• [Exercise description]
Retype each entry exactly as written, and keep the pictures out of the copy.
• • • • • • •
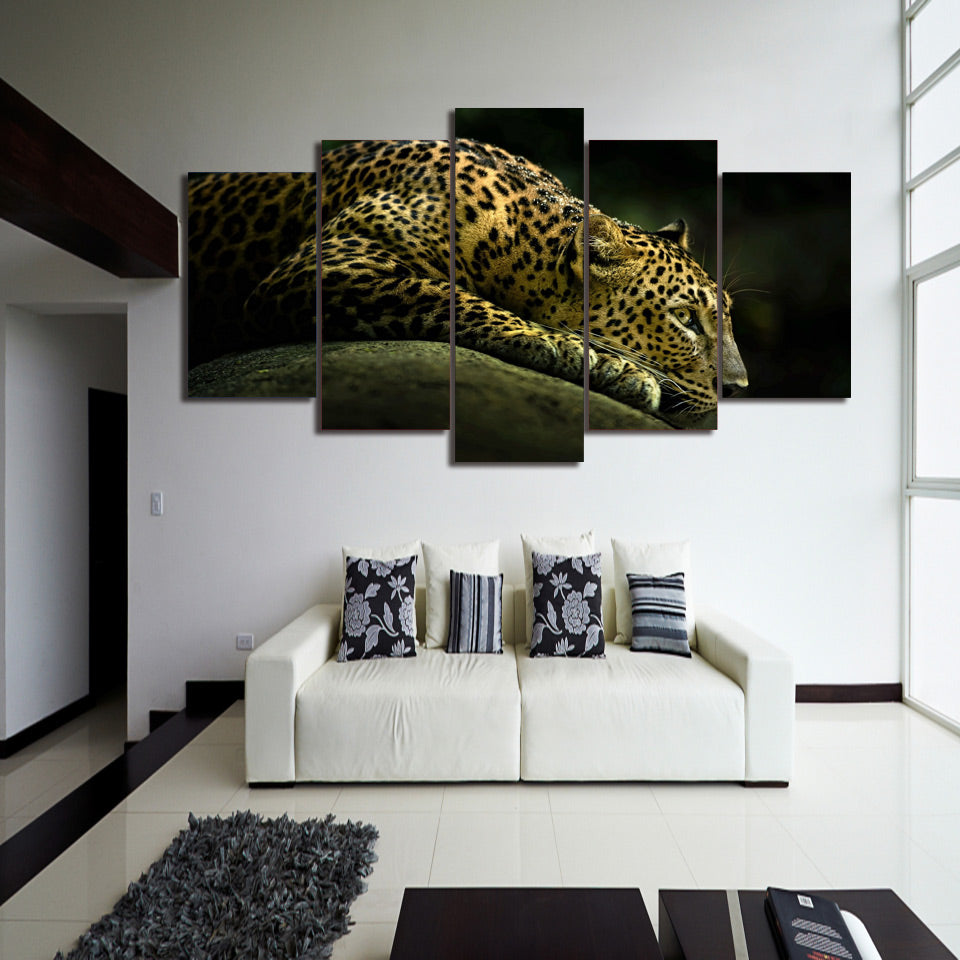 HD Printed Animal leopard picture Painting wall art room decor print poster picture canvas Free shipping/ny-681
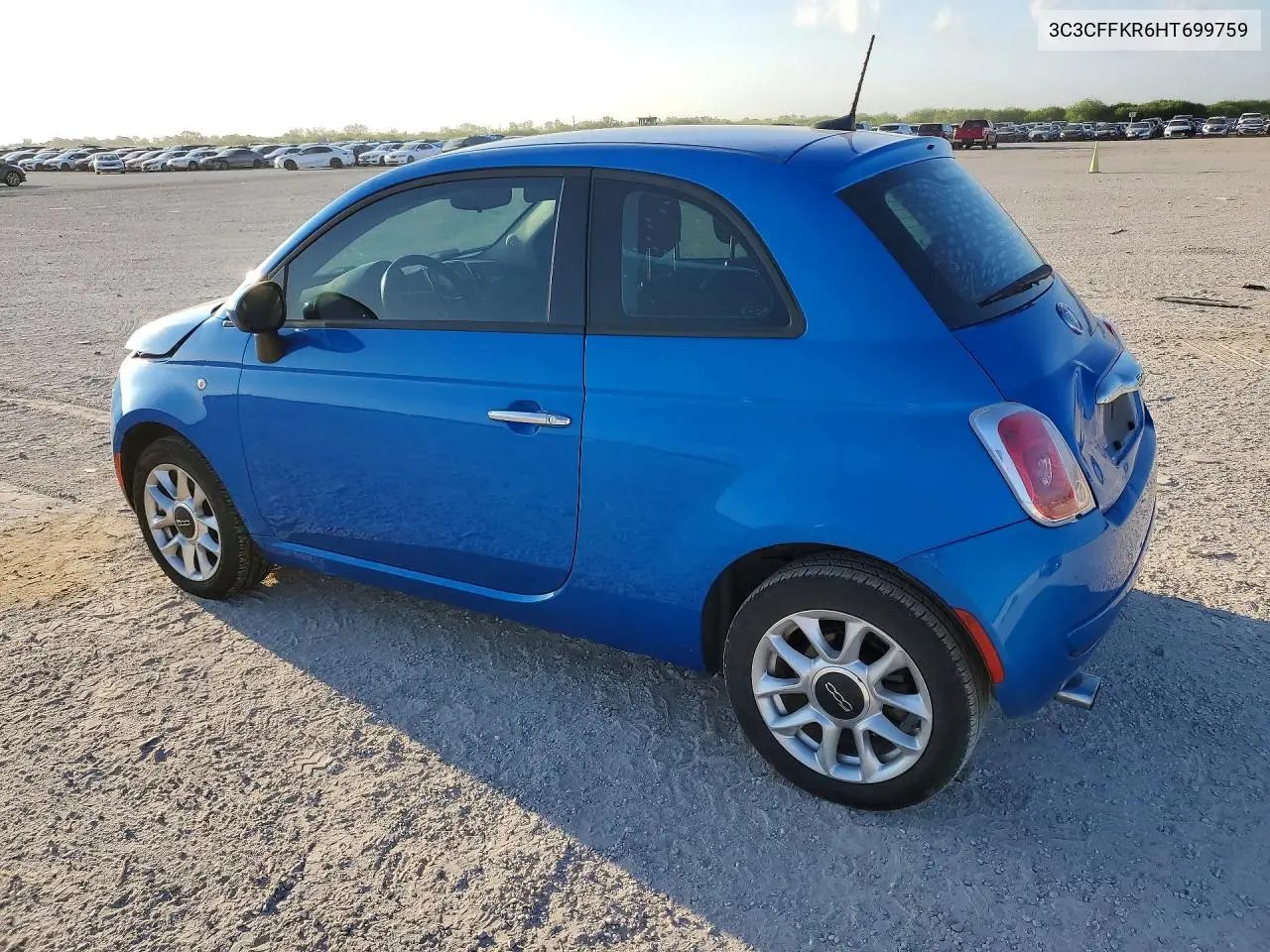 2017 FIAT 500 VIN 3C3CFFKR6HT699759 — фото 2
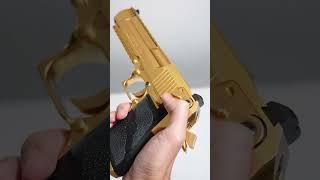 Gold Cybergun Desert Eagle L6 .50AE GBB #Airsoft Pistol #ASMR | RWTV #shorts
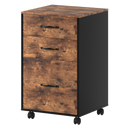 Levede 3-Drawer File Cabinet Mobile Filing Storage Cabinet Organiser Home Office-2050056775276826632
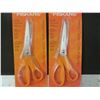 Image 1 : 2 New pair Fiskars Pinking Shears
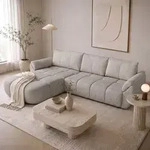 Beautysofa Ecksofa L-Form MASSIMO Ecksofa mit Schlaffunktion und Bettkasten,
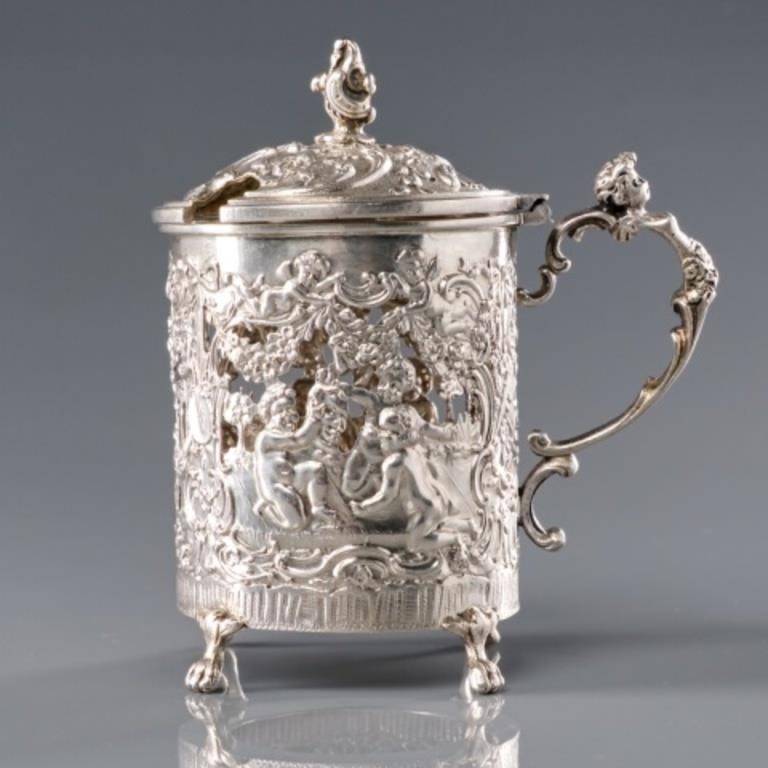 GERMAN SILVER CONDIMENT FRAMEA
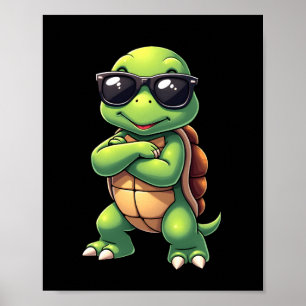 Póster Tortuga Marina Haciento Dab Animales Amante Salvar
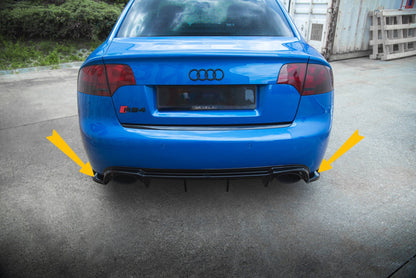 🔥Rear Side Splitters V.2 Suitable For Audi RS4 Sedan B7🔥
• • • • • • •
• [Completed task]
 HD Printed Animal leopard picture Painting wall art room decor print poster picture canvas Free shipping/ny-681
 2017 FIAT 500 VIN 3C3CFFKR6HT699759 — фото 2
 Gold Cybergun Desert Eagle L6 .50AE GBB #Airsoft Pistol #ASMR | RWTV #shorts
 Levede 3-Drawer File Cabinet Mobile Filing Storage Cabinet Organiser Home Office-2050056775276826632
 Image 1 : 2 New pair Fiskars Pinking Shears
 Beautysofa Ecksofa L-Form MASSIMO Ecksofa mit Schlaffunktion und Bettkasten,
 GERMAN SILVER CONDIMENT FRAMEA
 Póster Tortuga Marina Haciento Dab Animales Amante Salvar
 🔥Rear Side Splitters V.2 Suitable For Audi RS4 Sedan B7🔥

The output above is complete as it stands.